*Task goal*
Retype the listing that follows, leaving nothing out.

*Supplied material*
================
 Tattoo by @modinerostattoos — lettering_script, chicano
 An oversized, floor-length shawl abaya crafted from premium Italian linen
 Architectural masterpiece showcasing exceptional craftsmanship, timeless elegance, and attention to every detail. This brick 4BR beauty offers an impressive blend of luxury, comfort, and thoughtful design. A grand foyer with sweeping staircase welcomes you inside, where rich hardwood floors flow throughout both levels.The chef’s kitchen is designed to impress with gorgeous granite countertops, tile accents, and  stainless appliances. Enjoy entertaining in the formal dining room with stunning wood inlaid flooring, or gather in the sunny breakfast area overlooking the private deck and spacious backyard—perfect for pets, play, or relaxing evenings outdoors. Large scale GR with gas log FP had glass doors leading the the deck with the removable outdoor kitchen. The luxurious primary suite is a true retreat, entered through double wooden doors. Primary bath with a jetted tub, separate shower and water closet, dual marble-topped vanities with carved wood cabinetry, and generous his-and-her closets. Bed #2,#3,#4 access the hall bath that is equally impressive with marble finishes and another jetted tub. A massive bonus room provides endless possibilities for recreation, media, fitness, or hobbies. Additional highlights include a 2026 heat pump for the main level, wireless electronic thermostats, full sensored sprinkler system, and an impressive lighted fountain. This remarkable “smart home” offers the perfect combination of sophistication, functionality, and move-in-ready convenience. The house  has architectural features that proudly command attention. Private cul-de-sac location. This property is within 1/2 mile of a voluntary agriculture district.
================
*Exercise solution*
 Tattoo by @modinerostattoos — lettering_script, chicano
 An oversized, floor-length shawl abaya crafted from premium Italian linen
 Architectural masterpiece showcasing exceptional craftsmanship, timeless elegance, and attention to every detail. This brick 4BR beauty offers an impressive blend of luxury, comfort, and thoughtful design. A grand foyer with sweeping staircase welcomes you inside, where rich hardwood floors flow throughout both levels.The chef’s kitchen is designed to impress with gorgeous granite countertops, tile accents, and  stainless appliances. Enjoy entertaining in the formal dining room with stunning wood inlaid flooring, or gather in the sunny breakfast area overlooking the private deck and spacious backyard—perfect for pets, play, or relaxing evenings outdoors. Large scale GR with gas log FP had glass doors leading the the deck with the removable outdoor kitchen. The luxurious primary suite is a true retreat, entered through double wooden doors. Primary bath with a jetted tub, separate shower and water closet, dual marble-topped vanities with carved wood cabinetry, and generous his-and-her closets. Bed #2,#3,#4 access the hall bath that is equally impressive with marble finishes and another jetted tub. A massive bonus room provides endless possibilities for recreation, media, fitness, or hobbies. Additional highlights include a 2026 heat pump for the main level, wireless electronic thermostats, full sensored sprinkler system, and an impressive lighted fountain. This remarkable “smart home” offers the perfect combination of sophistication, functionality, and move-in-ready convenience. The house  has architectural features that proudly command attention. Private cul-de-sac location. This property is within 1/2 mile of a voluntary agriculture district.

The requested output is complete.